Ralph Lauren Announced Restructuring Plan to Fix Current Problems


Ralph Lauren Corporation (NYSE: RL) disclosed its restructuring plan on Tuesday aimed at saving hundreds of thousands dollars, which is the first step to reduce supply chain lead times, improve multi-channel distribution model and fix other problems that influenced firm’s financial results.

In the statement, the company expected to incur restructuring charges of up to $400 million and $150 million inventory charge for the reduction of inventory out of current liquidation channels. It is also expected that the restructuring activities will cause about $180-$220 million annual savings, which is more than the $125 million annual cost savings restructuring activities in 2016.

However, the restructuring plan will also decrease sales as the company reduces goods sold to department stores and closes about 50 of its own retail locations. The company expected its first-quarter revenue to decrease at a mid-single digit rate, and full-year revenue to decline at a low-single digit rate.

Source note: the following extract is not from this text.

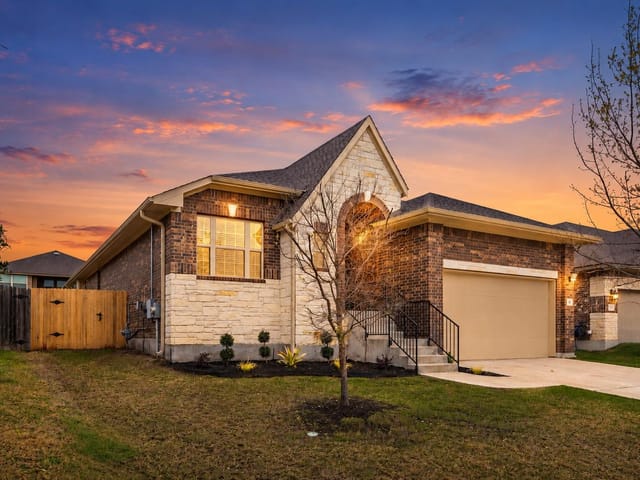 116 Kirkhill ST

Due to the cost saving from restructuring plan, operating margin is expected to be about 10% this year.

“Our performance has been disappointing over the last three years, and it doesn’t match the strength of the brand.” Stefan Larsson, President and Chief Executive Officer of Ralph Lauren Corp., said in an interview. Regarding fixing problems in sales to department stores as his top priority, he also came up with other strategies included eliminating layers of management, cutting around 1000 jobs and speeding the production cycle.

The stock fell 2.39% to $94.03 at 2:42 pm EDT. Shares of Ralph Lauren have fallen 30 percent over the past year as of Monday’s close.

“We have a powerful, authentic brand with unique elasticity, and we will bring our Company to a stronger place than ever before by connecting our brand voice more closely to consumers and evolving our operating model. Our multi-year growth plan will lead Ralph Lauren – one of the few truly iconic brands in the industry – to profitable sales growth and long-term shareholder value creation.” Mr. Larsson said in the statement.